* **Listed records**:
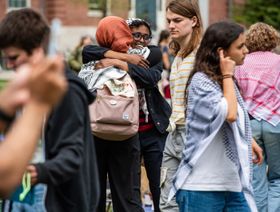 أول تنازل.. جامعة أميركية تعد طلابها بإعادة النظر في علاقتها بشركات إسرائيلية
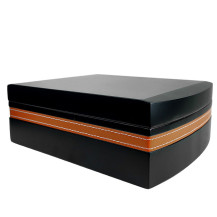 Humidor-Set, schwarz/braunes Leder, 25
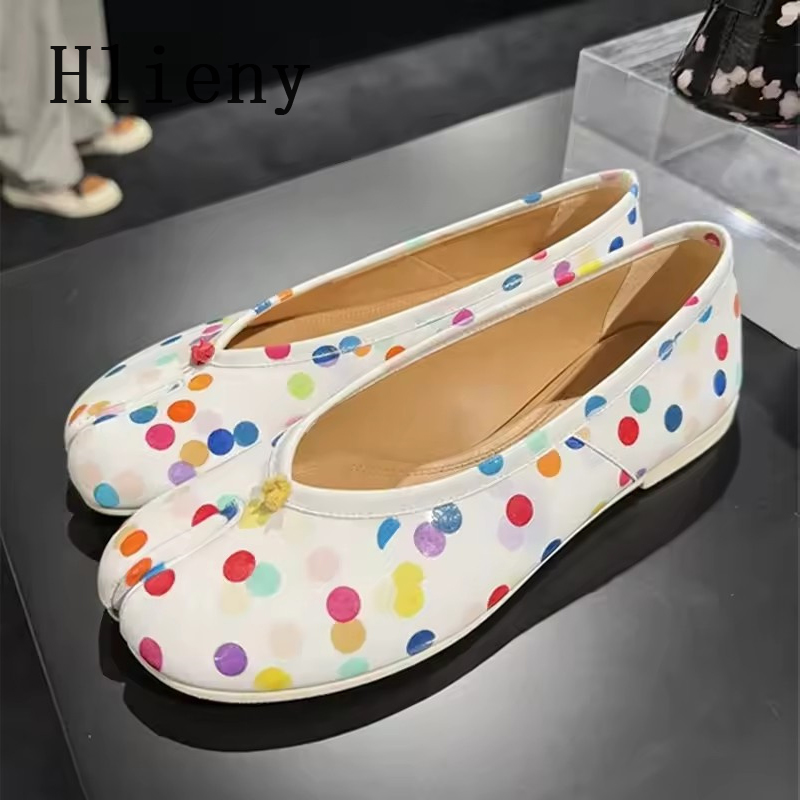 Street Fashion Walking - Hlieny Moda Renkli Puantiyeli Bölünmüş burunlu
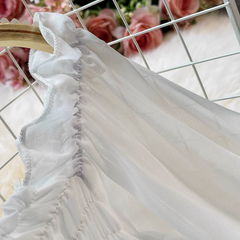 Vestido bohemio de gasa con escote cuadrado y mangas abullonadas en color blanco
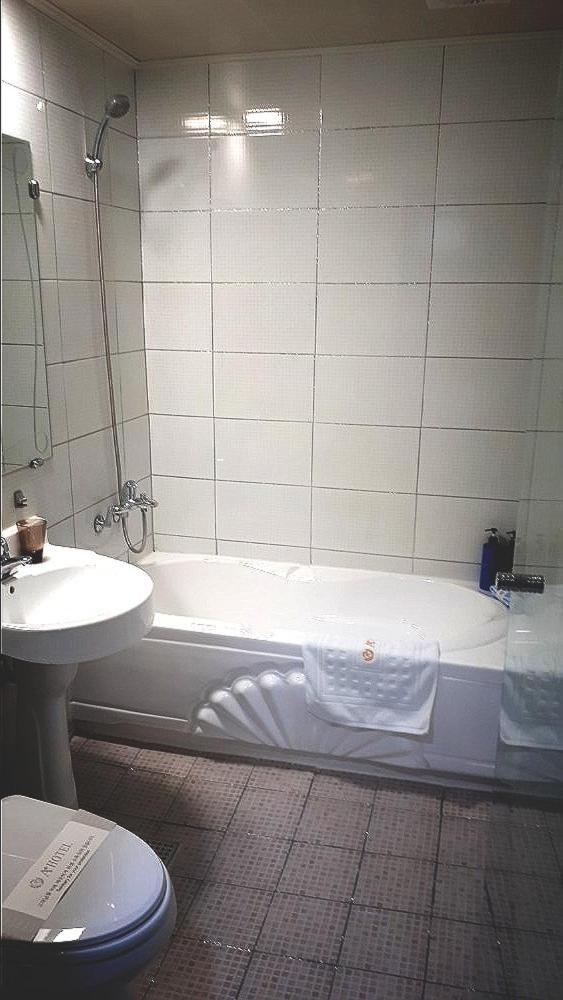 Geoje A-Plus Hotel Zewnętrze zdjęcie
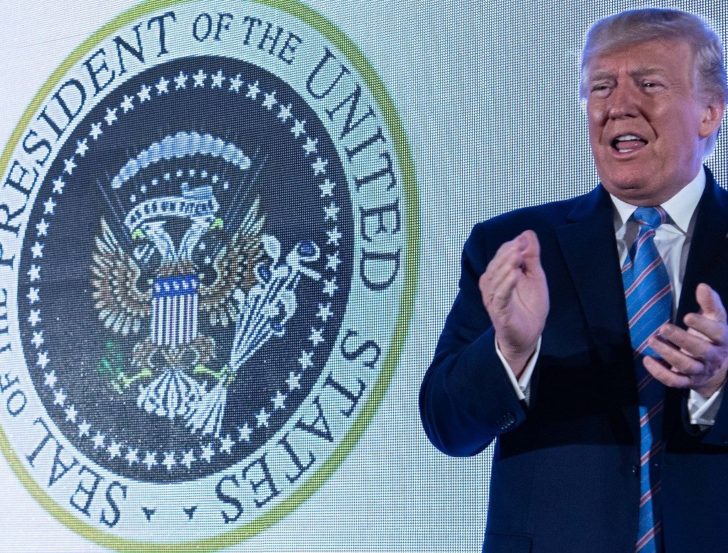 Heads spin in Washington at two-headed presidential seal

* **The task**:
Above are the records; transcribe them exactly without the pictures.

* **Output of the task**:
 أول تنازل.. جامعة أميركية تعد طلابها بإعادة النظر في علاقتها بشركات إسرائيلية
 Humidor-Set, schwarz/braunes Leder, 25
 Street Fashion Walking - Hlieny Moda Renkli Puantiyeli Bölünmüş burunlu
 Vestido bohemio de gasa con escote cuadrado y mangas abullonadas en color blanco
 Geoje A-Plus Hotel Zewnętrze zdjęcie
 Heads spin in Washington at two-headed presidential seal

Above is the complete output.